Al Joundy points to meetings that already took place before the American exit from Afghanistan, held by Emirati and Saudi officials with Egyptian, Turkish and Jordanian government representatives, as indicative of a quest for greater cooperation. Talks with Iran are also a sign of the times.
Relations with Afghanistan and Pakistan will also prove crucial and should be nurtured, the Emirati expert said. “Pakistan and Iran will be the most important players on the ground,” and good ties with the Taliban will be vital if the Gulf states wish to be able to “continuously evaluate the situation” vis-à-vis the development of a terror infrastructure in the country, Al Joundy said.
Guzansky said another cause for concern for countries in the Gulf is the possible flourishing of “al-Qaida and the establishment of terror there [in Afghanistan], that could be directed at the Gulf states.” Difficulties in the relations between the Taliban and Saudi Arabia in recent years, and efforts “to modernize the country and [advance] ‘a different kind of Islam’” lend additional credibility to this threat.

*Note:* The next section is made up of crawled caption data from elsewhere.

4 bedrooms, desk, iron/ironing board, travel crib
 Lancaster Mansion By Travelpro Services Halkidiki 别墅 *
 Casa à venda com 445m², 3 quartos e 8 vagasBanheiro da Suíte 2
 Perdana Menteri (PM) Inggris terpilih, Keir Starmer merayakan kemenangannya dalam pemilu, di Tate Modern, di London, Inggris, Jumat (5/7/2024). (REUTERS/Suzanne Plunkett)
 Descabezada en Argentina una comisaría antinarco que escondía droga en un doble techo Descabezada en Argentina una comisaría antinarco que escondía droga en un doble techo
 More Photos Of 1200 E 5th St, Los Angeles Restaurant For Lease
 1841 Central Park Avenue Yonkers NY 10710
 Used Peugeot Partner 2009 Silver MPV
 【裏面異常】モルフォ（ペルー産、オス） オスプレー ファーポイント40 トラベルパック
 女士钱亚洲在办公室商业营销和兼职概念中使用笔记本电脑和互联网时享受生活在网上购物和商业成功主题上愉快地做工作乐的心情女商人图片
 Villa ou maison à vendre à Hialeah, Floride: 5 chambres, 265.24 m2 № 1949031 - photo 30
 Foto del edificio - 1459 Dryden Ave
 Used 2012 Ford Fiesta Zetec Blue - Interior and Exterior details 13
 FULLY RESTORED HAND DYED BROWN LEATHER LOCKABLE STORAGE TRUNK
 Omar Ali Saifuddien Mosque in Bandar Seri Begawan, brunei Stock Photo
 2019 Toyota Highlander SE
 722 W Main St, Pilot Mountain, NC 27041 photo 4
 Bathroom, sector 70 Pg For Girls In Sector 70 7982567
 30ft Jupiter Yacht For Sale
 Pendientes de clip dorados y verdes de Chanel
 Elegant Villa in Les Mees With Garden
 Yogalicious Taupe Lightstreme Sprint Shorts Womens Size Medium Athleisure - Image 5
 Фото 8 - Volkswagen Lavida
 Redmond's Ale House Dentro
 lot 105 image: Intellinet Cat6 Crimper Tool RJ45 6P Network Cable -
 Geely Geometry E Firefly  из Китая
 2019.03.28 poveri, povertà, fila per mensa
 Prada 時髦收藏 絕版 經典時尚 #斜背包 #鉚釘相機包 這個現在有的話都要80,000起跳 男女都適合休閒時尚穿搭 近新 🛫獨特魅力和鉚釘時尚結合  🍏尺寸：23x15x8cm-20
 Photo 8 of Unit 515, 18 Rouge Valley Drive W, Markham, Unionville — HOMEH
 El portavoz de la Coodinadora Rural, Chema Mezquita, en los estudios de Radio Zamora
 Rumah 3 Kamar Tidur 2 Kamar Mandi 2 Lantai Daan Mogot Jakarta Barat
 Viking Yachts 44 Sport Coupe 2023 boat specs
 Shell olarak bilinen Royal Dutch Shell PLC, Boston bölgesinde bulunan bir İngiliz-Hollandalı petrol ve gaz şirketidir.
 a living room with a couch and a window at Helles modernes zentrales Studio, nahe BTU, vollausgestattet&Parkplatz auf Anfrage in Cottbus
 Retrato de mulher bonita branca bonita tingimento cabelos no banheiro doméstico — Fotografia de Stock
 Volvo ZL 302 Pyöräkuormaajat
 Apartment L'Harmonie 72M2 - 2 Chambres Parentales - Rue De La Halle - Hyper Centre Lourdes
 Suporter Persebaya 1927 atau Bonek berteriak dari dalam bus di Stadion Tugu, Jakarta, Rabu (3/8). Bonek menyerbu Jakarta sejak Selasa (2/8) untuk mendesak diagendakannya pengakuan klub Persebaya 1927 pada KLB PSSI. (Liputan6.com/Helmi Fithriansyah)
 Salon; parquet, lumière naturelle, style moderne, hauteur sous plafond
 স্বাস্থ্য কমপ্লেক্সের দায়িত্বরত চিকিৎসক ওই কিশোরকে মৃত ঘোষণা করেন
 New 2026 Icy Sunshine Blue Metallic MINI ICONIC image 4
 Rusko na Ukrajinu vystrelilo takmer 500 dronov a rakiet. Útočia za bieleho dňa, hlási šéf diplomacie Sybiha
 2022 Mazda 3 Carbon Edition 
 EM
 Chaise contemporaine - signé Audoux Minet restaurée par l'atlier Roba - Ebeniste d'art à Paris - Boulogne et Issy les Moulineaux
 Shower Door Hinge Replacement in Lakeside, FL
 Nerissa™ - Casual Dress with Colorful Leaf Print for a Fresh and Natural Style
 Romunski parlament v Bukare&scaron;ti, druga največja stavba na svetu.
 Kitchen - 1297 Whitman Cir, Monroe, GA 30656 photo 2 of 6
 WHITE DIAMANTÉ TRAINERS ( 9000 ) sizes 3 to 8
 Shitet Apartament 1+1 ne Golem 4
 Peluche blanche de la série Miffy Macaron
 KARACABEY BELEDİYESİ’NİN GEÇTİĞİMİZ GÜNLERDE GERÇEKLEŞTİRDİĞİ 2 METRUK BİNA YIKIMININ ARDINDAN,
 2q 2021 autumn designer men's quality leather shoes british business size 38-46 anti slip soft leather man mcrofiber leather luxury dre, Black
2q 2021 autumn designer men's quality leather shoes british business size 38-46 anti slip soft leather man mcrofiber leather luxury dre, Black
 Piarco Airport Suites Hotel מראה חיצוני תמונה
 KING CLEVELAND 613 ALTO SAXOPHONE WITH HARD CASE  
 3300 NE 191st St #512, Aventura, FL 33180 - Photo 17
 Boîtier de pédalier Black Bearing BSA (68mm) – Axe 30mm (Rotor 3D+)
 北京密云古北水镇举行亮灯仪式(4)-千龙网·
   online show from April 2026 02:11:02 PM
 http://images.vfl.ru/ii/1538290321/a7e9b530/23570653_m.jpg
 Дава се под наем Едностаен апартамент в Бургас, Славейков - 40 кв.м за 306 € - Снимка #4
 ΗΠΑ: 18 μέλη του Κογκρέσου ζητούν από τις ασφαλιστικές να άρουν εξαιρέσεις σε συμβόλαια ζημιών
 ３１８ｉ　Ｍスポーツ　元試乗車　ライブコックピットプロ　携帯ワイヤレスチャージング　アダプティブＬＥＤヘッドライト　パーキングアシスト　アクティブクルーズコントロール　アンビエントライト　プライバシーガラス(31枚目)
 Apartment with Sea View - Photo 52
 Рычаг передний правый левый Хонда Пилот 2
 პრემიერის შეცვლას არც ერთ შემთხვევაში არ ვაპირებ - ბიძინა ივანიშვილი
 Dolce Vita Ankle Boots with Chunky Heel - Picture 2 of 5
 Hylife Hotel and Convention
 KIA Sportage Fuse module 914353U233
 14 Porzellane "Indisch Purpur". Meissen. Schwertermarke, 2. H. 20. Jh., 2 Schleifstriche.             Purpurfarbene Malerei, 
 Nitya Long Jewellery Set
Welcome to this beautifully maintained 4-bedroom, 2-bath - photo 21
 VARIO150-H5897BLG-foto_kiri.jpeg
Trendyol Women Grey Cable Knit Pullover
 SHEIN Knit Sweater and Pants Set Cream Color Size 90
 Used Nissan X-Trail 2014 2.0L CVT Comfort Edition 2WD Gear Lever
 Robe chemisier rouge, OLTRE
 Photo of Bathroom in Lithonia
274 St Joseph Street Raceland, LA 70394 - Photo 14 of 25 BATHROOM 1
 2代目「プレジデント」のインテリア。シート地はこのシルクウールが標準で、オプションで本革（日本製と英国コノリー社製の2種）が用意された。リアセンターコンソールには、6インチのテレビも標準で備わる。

He agrees it is far from clear that the Taliban will allow jihadi organizations to establish themselves under its auspices, but if the Afghanistan of the ’90s and early 2000s does return, it carries an additional danger causing worry in the Gulf. Two decades ago, al-Qaida and its ideology proved attractive to some young men in the Arabian Peninsula. Most notorious of them was, of course, bin Laden, but notably, out of 19 hijackers in the 9/11 attacks, 17 had either Saudi or Emirati citizenship.
“Terror that would be directed at them is not all that worries” the Gulf countries, said Guzansky, “[they also fear] that suddenly, their youth will travel to Afghanistan and ultimately, go on to carry out terror attacks.”
Post-9/11, the actions of young Saudis put a significant amount of pressure on the US-Saudi alliance. With relations between the Biden administration and the Saudi government strained as they are, an attack on Western targets either sponsored or carried out by Saudi citizens is the last thing that the controversial crown prince of the Saudi kingdom, Muhammed bin Salman, needs.
Speaking of the Emirates, Al Joundy explains that “for the UAE, which has traditional nationals and an untraditional diverse population [of expatriates], the rise of extremist views is a challenge and a threat risk by itself since the UAE is building on values like tolerance and acceptance. Emboldened extremists in the Middle East would be and should be dealt with firmly.
“A re-emerging role of the Islamic Military Counter-Terrorism Coalition [IMCTC] is the best choice to curb this rise, primarily if it results in widespread terrorist cells in weaker countries,” Al Joundy said.
(The IMCTC is an alliance of Muslim countries, united around military intervention against ISIS and other counter-terrorist activities. Its creation was announced by Saudi Defense Minister Mohammed bin Salman, now also crown prince, in December 2015.)
The Gulf states “certainly need to prepare themselves,” Guzansky said.